Remarkably if you define the word coloumn of the table as unique then the index is used:

explain select * from token t1, token t2 where 
	t1.id between t2.id - 2 and t2.id - 1 and 
	t2.word = 3;
+-------+-------+---------------+---------+---------+-------+------
| table | type  | possible_keys | key     | key_len | ref   | rows | Extra       |
+-------+-------+---------------+---------+---------+-------+------
| t2    | const | word,word_2   | word    |       5 | const |    1 |             |
| t1    | range | PRIMARY       | PRIMARY |       4 | NULL  |    1 | Using where |
+-------+-------+---------------+---------+---------+-------+------

It does not matter whether you use '... t1.id between ... and ...' or 't1.id >= ... and t1.id <= ...'
I'm using MyISAM tables and didn't yet check with other table types

Thanks a lot,
Martin

How to repeat:
-- create table

create table token (
             id integer,
             word integer,
             primary key(id),
             index(word)
         );

-- and fill it with data

insert into token values (1,1), (2,2), (3,3);

explain select * from token t1, token t2 where 
	t1.id between t2.id - 2 and t2.id - 1 and 
	t2.word = 3;

explain select * from token where 
	id between 1 and 2;
[7 Aug 2003 2:54] [ name withheld ]
It is very important for me that this issue is solved as it has a very big impact on the speed of my 
application -- it makes mysql more or less unusable for me.
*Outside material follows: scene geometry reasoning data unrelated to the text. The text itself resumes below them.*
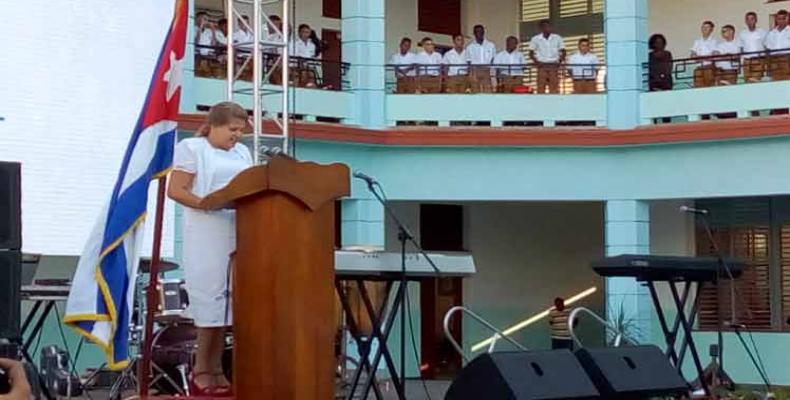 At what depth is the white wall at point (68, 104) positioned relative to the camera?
1506 cm

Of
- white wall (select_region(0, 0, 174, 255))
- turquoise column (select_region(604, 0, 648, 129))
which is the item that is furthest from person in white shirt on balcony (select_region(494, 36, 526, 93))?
white wall (select_region(0, 0, 174, 255))

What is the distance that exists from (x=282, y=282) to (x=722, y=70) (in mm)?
12832

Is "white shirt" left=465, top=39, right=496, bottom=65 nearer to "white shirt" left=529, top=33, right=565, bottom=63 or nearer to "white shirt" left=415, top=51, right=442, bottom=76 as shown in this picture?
"white shirt" left=415, top=51, right=442, bottom=76

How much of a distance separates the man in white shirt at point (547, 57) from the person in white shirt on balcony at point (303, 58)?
2868mm

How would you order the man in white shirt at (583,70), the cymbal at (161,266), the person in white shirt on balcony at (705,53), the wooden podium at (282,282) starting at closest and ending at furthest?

Any tips or workarounds would be 
appreciated. 

Tanks,
Martin.
[8 Aug 2003 9:10] Sergei Golubchik
related issue:

From: Georg Richter <georg@php.net>
Subject: diffrence: BETWEEN and range operators?!
Date: Thu, 7 Aug 2003 23:25:52 +0200

Hi,

I just noticed the following behaviour:

mysql> create table t (x int, y int, index(x), index(y));
Query OK, 0 rows affected (0.00 sec)

mysql> insert into t (x) values (1),(2),(3),(4),(5),(6),(7),(8),(9);
Query OK, 9 rows affected (0.01 sec)
Records: 9  Duplicates: 0  Warnings: 0

mysql> update t set y=x;
Query OK, 9 rows affected (0.00 sec)
Rows matched: 9  Changed: 9  Warnings: 0

mysql> explain select * from t t1, t t2 where t1.y = 2 and t2.x between 0 and t1.y;
+----+-------------+-------+------+---------------+------+---------+-------+------+-------------+  
| id | select_type | table | type | possible_keys | key  | key_len | ref   | rows | Extra    |  
+----+-------------+-------+------+---------------+------+---------+-------+------+-------------+  
|  1 | SIMPLE      | t1    | ref  | y             | y    |       5 | const |  1   | Using where |  
|  1 | SIMPLE      | t2    | ALL  | x             | NULL |    NULL | NULL  |  9   | Using where |  
+----+-------------+-------+------+---------------+------+---------+-------+------+-------------+  
2 rows in set (0.00 sec)

mysql> explain select * from t t1, t t2 where t1.y = 2 and t2.x >= 0 and  t2.x <= t1.y;
+----+-------------+-------+-------+---------------+------+---------+-------+------+-------------+ 
| id | select_type | table | type  | possible_keys | key  | key_len | ref   | rows | Extra       | 
+----+-------------+-------+-------+---------------+------+---------+-------+------+-------------+ 
|  1 | SIMPLE      | t1    | ref   | y             | y    |       5 | const | 1    | Using where | 
|  1 | SIMPLE      | t2    | range | x             | x    |       5 | NULL  | 2    | Using where | 
+----+-------------+-------+-------+---------------+------+---------+-------+------+-------------+ 

In first case (with BETWEEN) there is a full table scan, in 2nd there is a
range query - and I'm a little bit confused :(
Regards

Georg
[9 Aug 2003 0:13] Sergei Golubchik
both fixed in 4.0.15
[4 Nov 2003 8:00] [ name withheld ]
Hi,

I am sorry to say that the bug does not seem to be resolved. If you enter

explain select * from token t1, token t2 where 
        t1.id between t2.id - 1 and t2.id - 1 and 
        t2.word = 3; 

(from the example above)

you see that it now uses a range check:
+-------+------+---------------+------+---------+-------+------
+----------------------------------------------+
| table | type | possible_keys | key  | key_len | ref   | rows | Extra                                        |
+-------+------+---------------+------+---------+-------+------
+----------------------------------------------+
| t2    | ref  | word          | word |       5 | const |    1 | Using where                                  |
| t1    | ALL  | PRIMARY       | NULL |    NULL | NULL  |    3 | Range checked for each record (index 
map: 1) |
+-------+------+---------------+------+---------+-------+------
+----------------------------------------------+

But the question is: Why does it not use the primary key "id"??

Regards,
Martin.
[4 Nov 2003 8:03] [ name withheld ]
An addition to the comment above: I used 4.0.16-standard on Mac OS X 10.2

Martin.
[12 Nov 2003 1:41] Sergei Golubchik
exactly.
"Range checked for each record (index map: 1)" means that it uses id key.
The thing is that you use range with non-constant limits.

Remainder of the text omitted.